[Opening EXERCISE MATERIALS section]

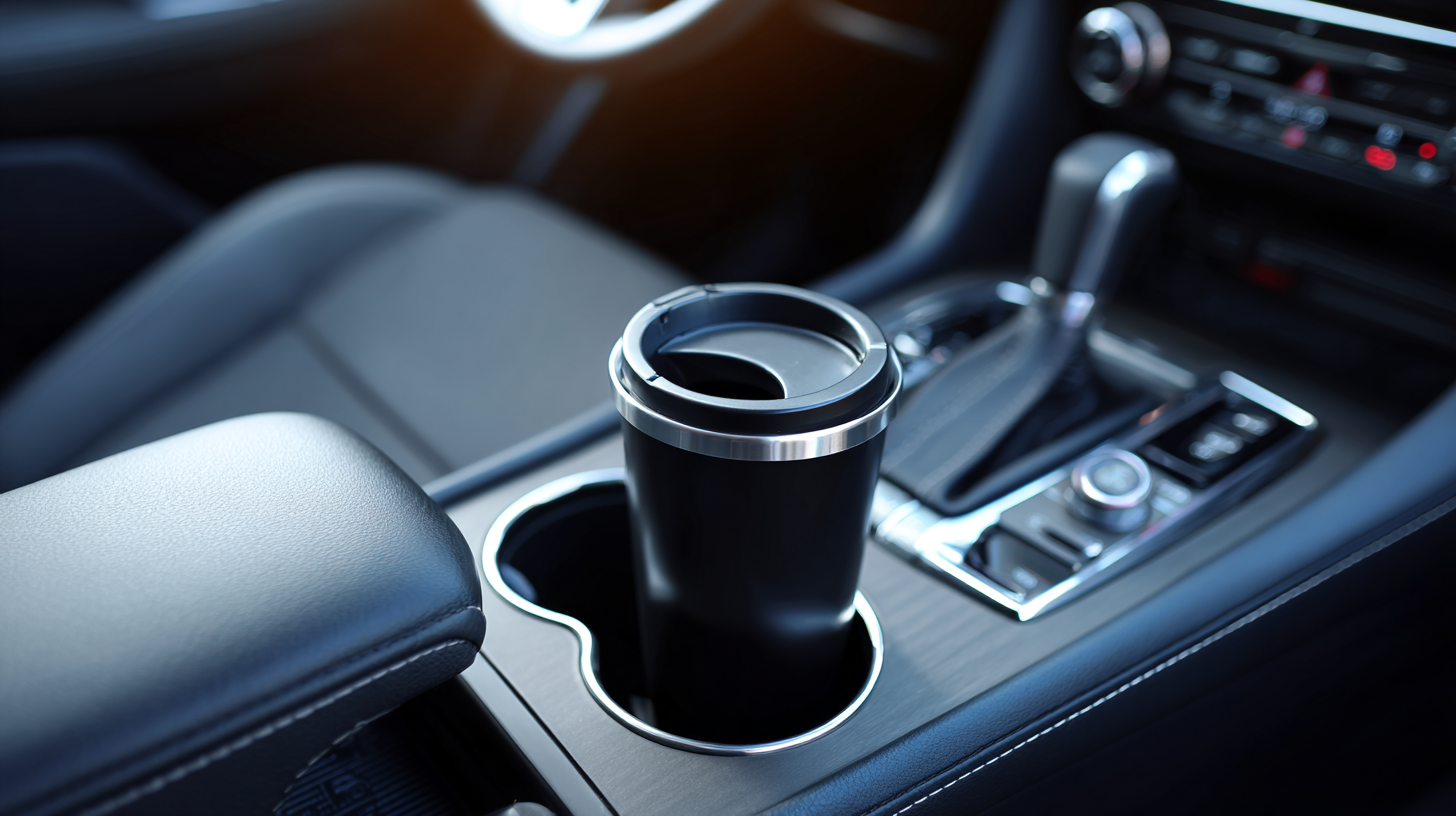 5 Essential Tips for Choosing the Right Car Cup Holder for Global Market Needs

[Closing EXERCISE MATERIALS section]
[Opening EXERCISE MATERIALS section]

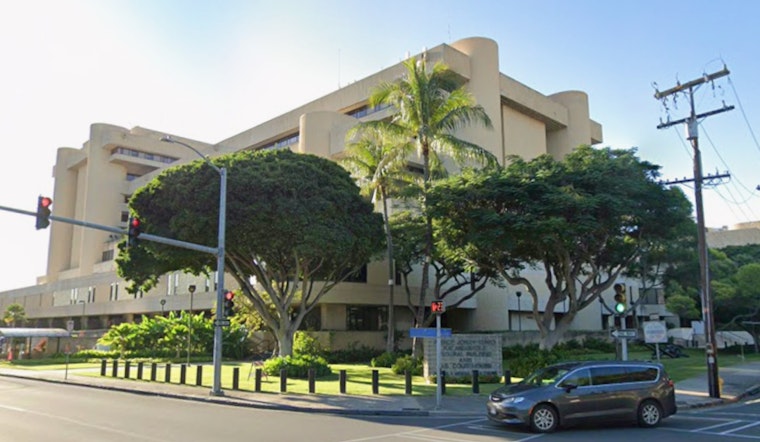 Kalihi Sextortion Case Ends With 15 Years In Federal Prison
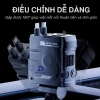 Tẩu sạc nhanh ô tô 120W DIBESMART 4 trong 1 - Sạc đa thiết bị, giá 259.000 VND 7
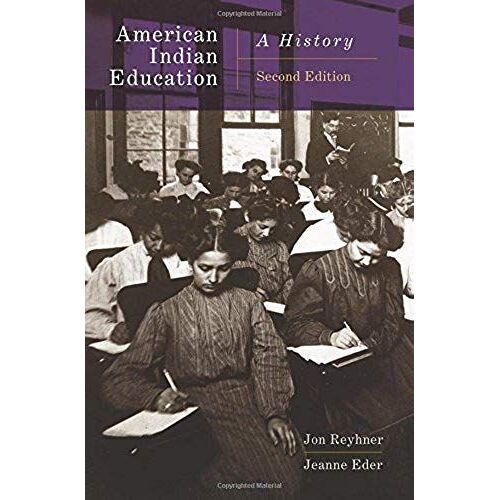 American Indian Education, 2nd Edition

[Closing EXERCISE MATERIALS section]

### WORK TO COMPLETE
The expected output is the lines above from the one containing "Tẩu sạc nhanh" to the one containing "American Indian Education, 2nd Edition", both ends included, reproduced exactly with every picture left out.

### SOLVED EXERCISE
 Tẩu sạc nhanh ô tô 120W DIBESMART 4 trong 1 - Sạc đa thiết bị, giá 259.000 VND 7
 American Indian Education, 2nd Edition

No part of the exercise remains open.